Chegamos finalmente ao designado “caso das Gémeas”. Já todos percebemos que houve “pistolão” – que usando o dicionário significa, em português do Brasil, “empenho ou recomendação de pessoa importante ou influente”.

Como se não nos bastasse tudo aquilo a que temos assistido nos últimos tempos, temos agora o Presidente da República envolvido num caso em que, já restam poucas dúvidas, houve um manifesto tratamento de favor. E o Presidente quer que acreditemos que ele acredita que um mail do seu filho dirigido ao Governo iria cair no esquecimento.

Sim, é verdade que os presidentes enviam para os governos os pedidos que lhes chegam, mas, como alguém dizia, devia ter recusado de imediato o pedido do filho. Sim, muitas vezes a família acaba prejudicada, ou devia, quando ocupamos cargos de liderança e responsabilidade. Não é isso que temos visto, mas não esperávamos que acontecesse com Marcelo Rebelo de Sousa. Seja como for, há toda uma cadeia a seguir ao Presidente que se submeteu e não teve a coragem de dizer “não”.
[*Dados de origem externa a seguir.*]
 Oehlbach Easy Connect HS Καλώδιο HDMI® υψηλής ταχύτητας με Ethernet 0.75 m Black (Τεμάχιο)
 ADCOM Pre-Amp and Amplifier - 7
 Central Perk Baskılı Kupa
Neste momento só nos falta saber quem é que deu as ordens, ou seja, todo o circuito após o envio das comunicações do Presidente para o Governo. Sabemos bem, como Marcelo Rebelo de Sousa sabe, como o Governo se esforçava para agradar ao Presidente – todos se lembram da troca de mensagens entre o secretário de Estado das Infraestruturas de Pedro Nuno Santos e a então presidente da TAP sobre a mudança de um voo.
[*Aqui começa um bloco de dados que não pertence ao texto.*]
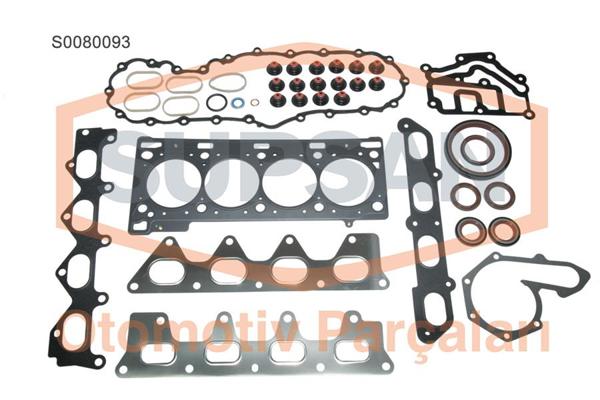 SUPSAN S0080093 | Tam Takım Contası Keçeli Subap Lastikli Silindir Kapak Contalı Megane Scenic Laguna Traffic 2.0 16V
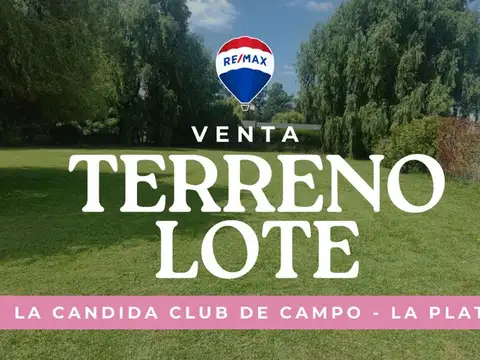 VENTA LOTE 892 M2 BARRIO LA CANDIDA LA PLATA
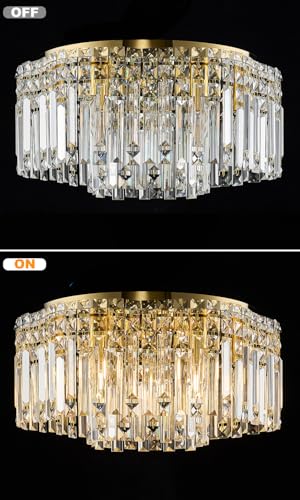 Flush Mount Crystal Chandelier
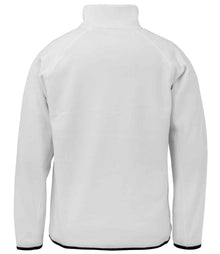 Result Recycled Polarthermic Fleece Jacket RS903 - RS903 White Back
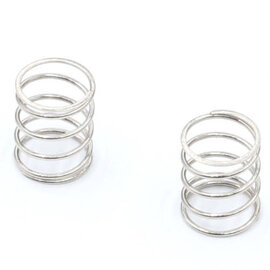 RocheRC USA ROC-330297 Front Springs (Soft), 5mm, Silver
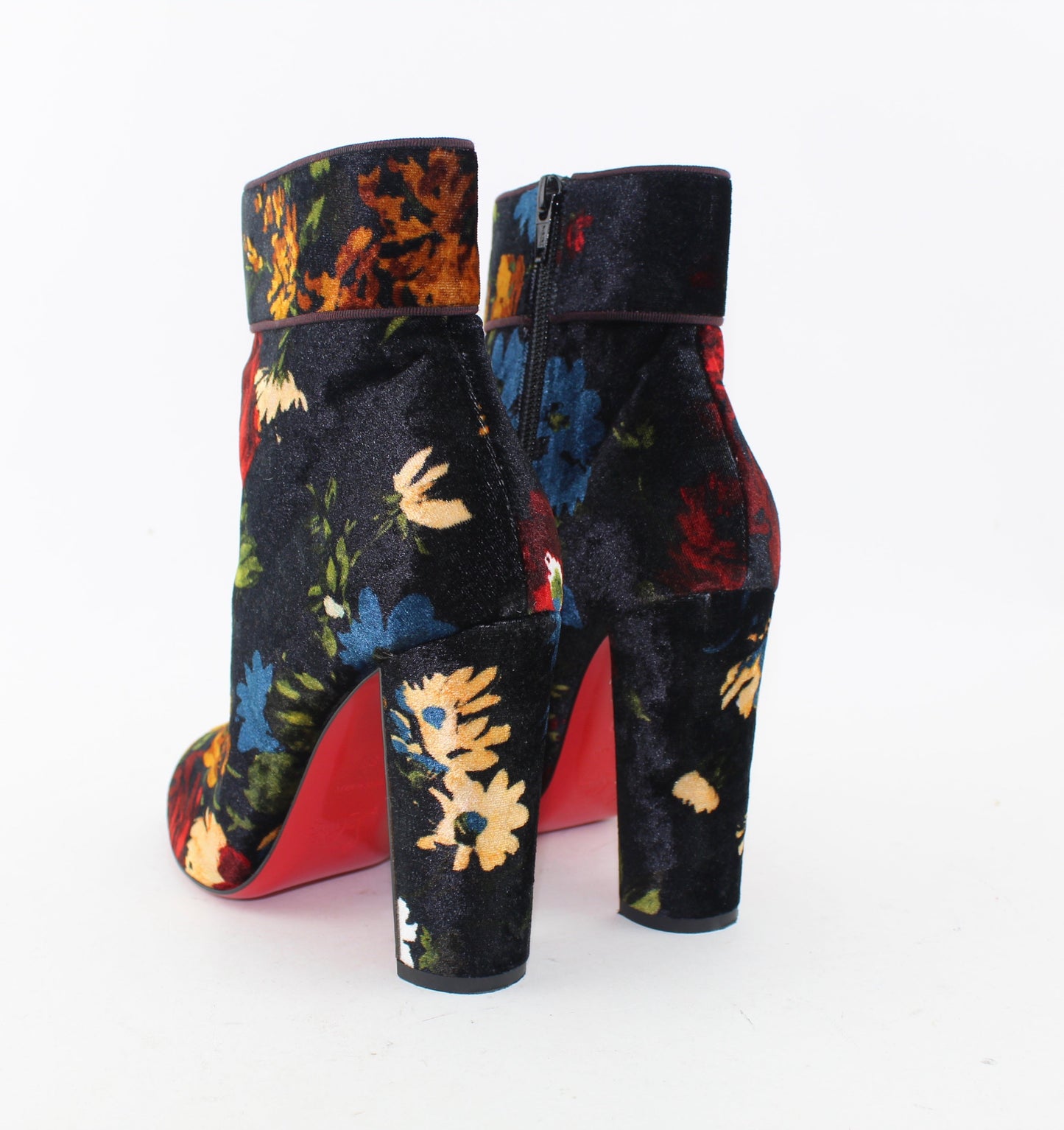 CHRISTIAN LOUBOUTIN MOULAMAX 100MM VELOURS SIZE 38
A entrevista de Marta Temido, que ficará na história como a principal responsável pelo estado a que chegou o SNS, é o exemplo daquilo que não queremos a governar-nos. Não se lembra, teve de pedir documentos, diz que no nosso país as coisas não funcionam assim. Mas quando questionada sobre os telefonemas insistentes da sua secretária para o diretor de serviço diz: “não comento” para só depois dizer que “não é verdade”.
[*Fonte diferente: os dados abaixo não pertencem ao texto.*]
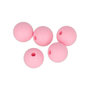 Voir la diapositive 1 : Artemio 5 perles silicone rondes - 10 mm - rose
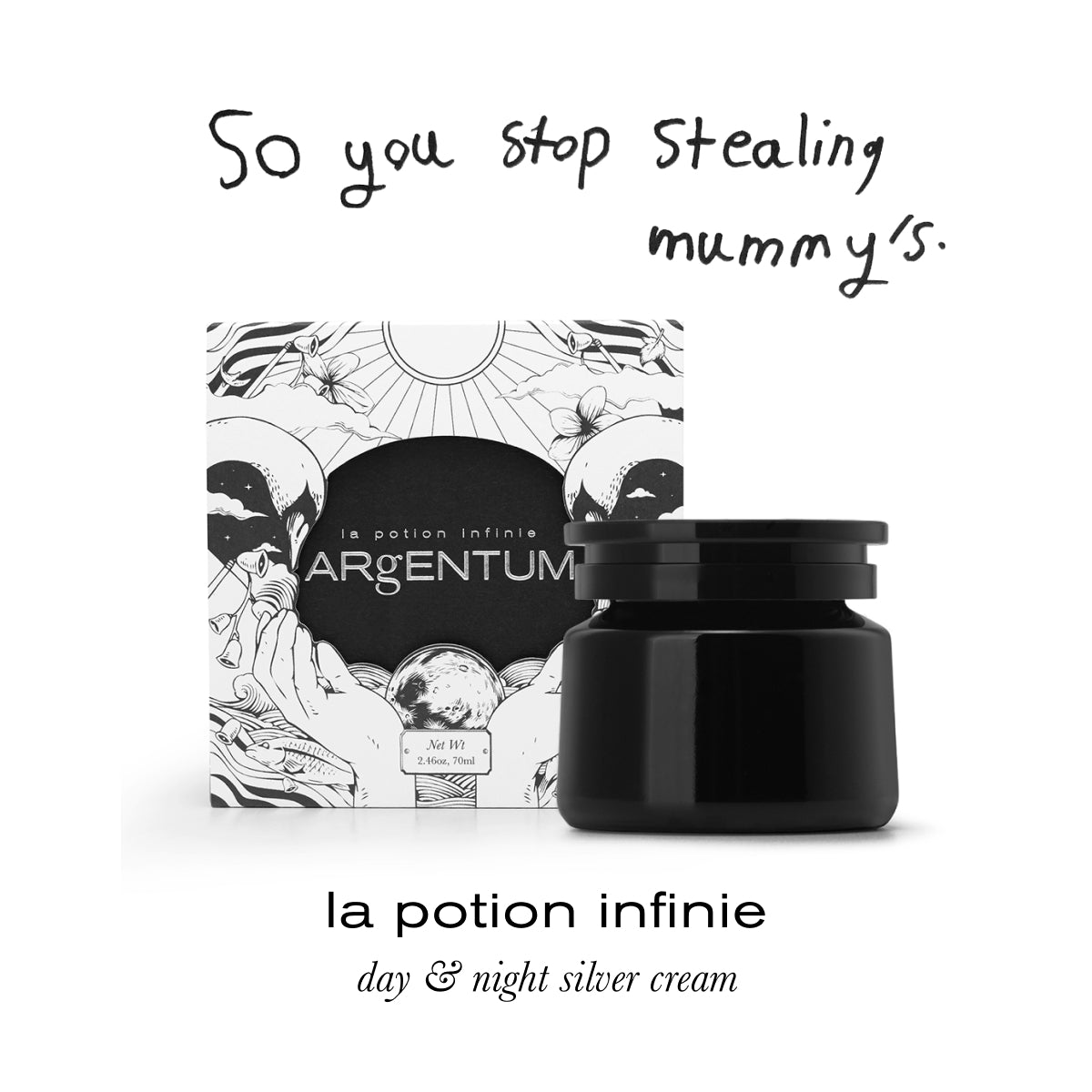 la potion infinie ~ restorative day & night silver cream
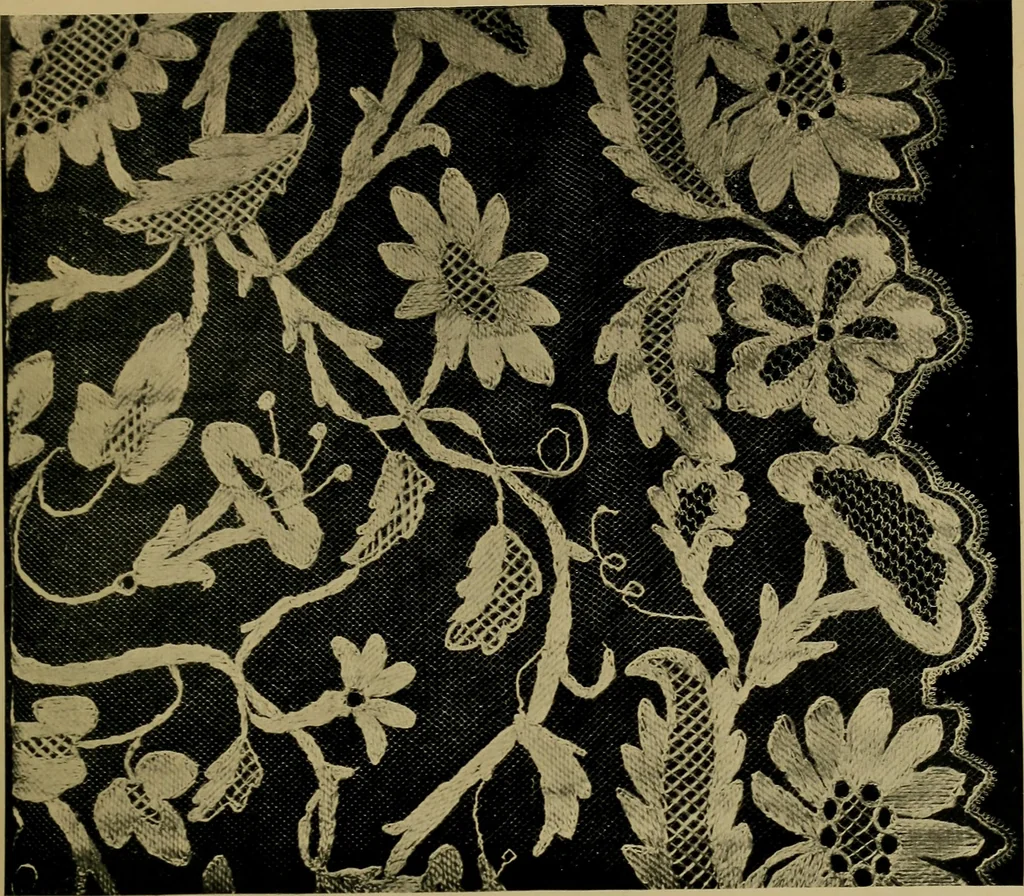 An illustration from History of lace, 1902, leaf 166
Como se tudo isto não bastasse, com exceção do Presidente que nos veio dizer o que se passou, todos os outros protagonistas políticos até agora conhecidos refugiam-se na Justiça. Como disse Miguel Pinheiro na CNN Portugal, querem explicar, mas à polícia. Reforçando a ideia de que o poder é para usar como se quer, sem responsabilização. Consideram que nada nos têm de explicar, a nós, o povo que representam e que lhes delegou o poder, povo esse que parecem desprezar e apenas usar.

O poder está a ser isto, é afinal o poder dos políticos e aquilo que os portugueses entendem ser o poder: “uma pessoa poder fazer com que os outros façam o que ela quer”, como a maioria disse no Barómetro do Jornal de Negócios. O problema é que orientar as pessoas para fazerem o que ela quer para o bem comum é uma coisa, para o bem do grupo de amigos e conhecidos nada tem a ver com as razões por que elegemos os nossos governantes.

Já assistimos à queda dos gestores vedeta ou com um enorme poder quando colapsámos financeiramente, com o inimaginável protagonizado pela queda de Ricardo Salgado. Estão substituídos por uma nova geração que o tempo dirá se são melhores a gerir as empresas, olhando para todos os intervenientes e não apenas para o lucro e o poder.

Temos de caminhar para uma nova geração de políticos que deixe de usar a terrível e desresponsabilizante frase “à política o que é da política, à justiça o que é da justiça”. A política não se pode entregar apenas à lei, antes dela tem de respeitar códigos éticos e morais. O poder não é para usar em proveito próprio e dos seus grupos de amigos e conhecidos, sem respeito pelas instituições e pelo povo.

Já vivemos tempos suficientemente perigosos, em que a classe política é mal vista, para ainda alimentarmos mais esse sentimento, para proveito dos populismos e até de autocracias. Os partidos têm de aproveitar estas eleições para se regenerarem, especialmente os que fazem parte do regime, o PS e o PSD. Embora a esperança seja a última a morrer, não é isso que se está a ver. Estamos a andar perigosamente para o abismo que ameaça a democracia e a liberdade e alimenta o populismo.